On the down side, the clips are ringy, full screen versions of widescreen films (West Side Story, Grand Prix, and Mad World were all in wide formats), if not taken from 16mm TV prints, and it hurts to see them so bruised and cropped when today almost all of the excerpted films are available on DVD.
Bass, who died in 1996, was and will remain one of the most revisited title designers because he had an incredible knack for evoking a film's powerful elements within a compressed period, and with individual shots that were no different than commercial ad photographs; you could easily frame any shot because its composition, lighting, colours, textures, and overlaid text or lines are so striking – heavily evident in Grand Prix' lengthy title sequence.
Bass admits his approach to title design also changed over the years, as he seemed to enjoy moving from logos to short credit sequences to virtual mini-movies that had their own striking content, often functioning as a mood intros to the imminent drama or horror.

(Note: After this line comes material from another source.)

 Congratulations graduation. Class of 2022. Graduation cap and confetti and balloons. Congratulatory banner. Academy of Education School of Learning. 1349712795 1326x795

Seconds, with his morphing imagery of an old man being recomposed to a younger man, is a work of art, and the editing and imagery in Grand Prix has an orgiastic relationship with the revving innards of performance racing cars.
Rama, on the other hand, matches logos and script with closer inspections of a pocket watch, and Bass' images of brassy gear movements are enhanced by the Indian percussion music; as the instrumental textures thicken, Bass focuses on extreme close-ups of less complicated geometric objects: a wheel, a gear, and ultimately grainy macro shots of a clock hand's tip.
Again, going against cliché and the expected, Bass films the hand's slow movements that are barely perceptible, but infer that Rama, with its focus on the last hours of Mahatma Gandhi's life, will deal with the converging nuances of a thickening assassination plot.
The remaining title samples are for Preminger's The Man with the Golden Arm and In Harm's Way, Edward Dmytryk's Walk on the Wild Side, William Wyler's The Big Country (with its close-ups of smoldering carriage wheels and exhausted horses), and Carl Foreman's The Victors (mostly a mix of WWII footage that reveals Bass' impressionistic mini-movie technique, which he later applied in the opening for his lone feature film, Phase IV in 1974).
Saul Bass didn't design as many film credits as expected (around 58 between 1954 and 1995), but through the interest of, if not because of filmmakers who wanted to distinguish their films from the banal studio product, and explore title designs wholly different from the standard title cards, turning pages, or overlaid text on slow-panning shots.
Like Why Man Creates, Bass' Oscar-winning documentary short from 1968, Bass on Titles is available from Pyramid Films, but fans can avoid the steep price by snapping up Ecstasy, Vol. 11 of the Short series from Warner Bros., since it includes over 15 short films; it's still the same old ¾” video transfer, but the compilation disc is better value for one's money.
Note: further interview material regard Bass' collaborations with Preminger is also present in Preminger: Anatomy of a Filmmaker, a 1991 documentary included on Disc 2 of Warner Bros.' The Cardinal (1963).